Eigenvector synchronization, graph rigidity and the molecule problem
Cucuringu M, Singer A and Cowburn D
The graph realization problem has received a great deal of attention in recent years, due to its importance in applications such as wireless sensor networks and structural biology. In this paper, we extend the previous work and propose the 3D-As-Synchronized-As-Possible (3D-ASAP) algorithm, for the graph realization problem in ℝ, given a sparse and noisy set of distance measurements. 3D-ASAP is a divide and conquer, non-incremental and non-iterative algorithm, which integrates local distance information into a global structure determination. Our approach starts with identifying, for every node, a subgraph of its 1-hop neighborhood graph, which can be accurately embedded in its own coordinate system. In the noise-free case, the computed coordinates of the sensors in each patch must agree with their global positioning up to some unknown rigid motion, that is, up to translation, rotation and possibly reflection. In other words, to every patch, there corresponds an element of the Euclidean group, Euc(3), of rigid transformations in ℝ, and the goal was to estimate the group elements that will properly align all the patches in a globally consistent way. Furthermore, 3D-ASAP successfully incorporates information specific to the molecule problem in structural biology, in particular information on known substructures and their orientation.
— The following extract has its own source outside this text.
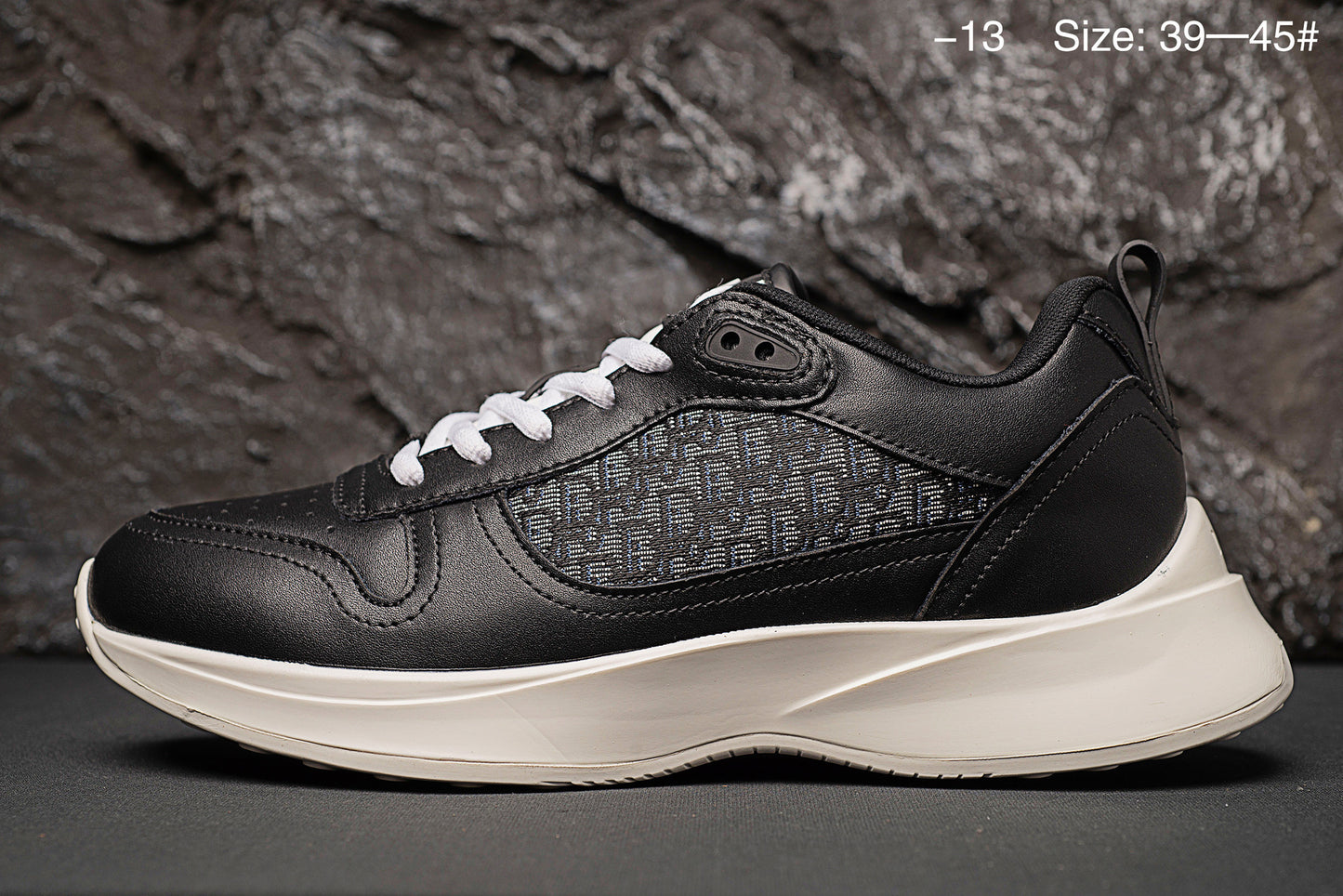 Estación Europea B25 2026 Letras impresas Zapatos de moda masculina de moda baja y transpirables, con cordones y reposo de moda moderna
In addition, we also propose 3D-spectral-partitioning (SP)-ASAP, a faster version of 3D-ASAP, which uses a spectral partitioning algorithm as a pre-processing step for dividing the initial graph into smaller subgraphs. Our extensive numerical simulations show that 3D-ASAP and 3D-SP-ASAP are very robust to high levels of noise in the measured distances and to sparse connectivity in the measurement graph, and compare favorably with similar state-of-the-art localization algorithms.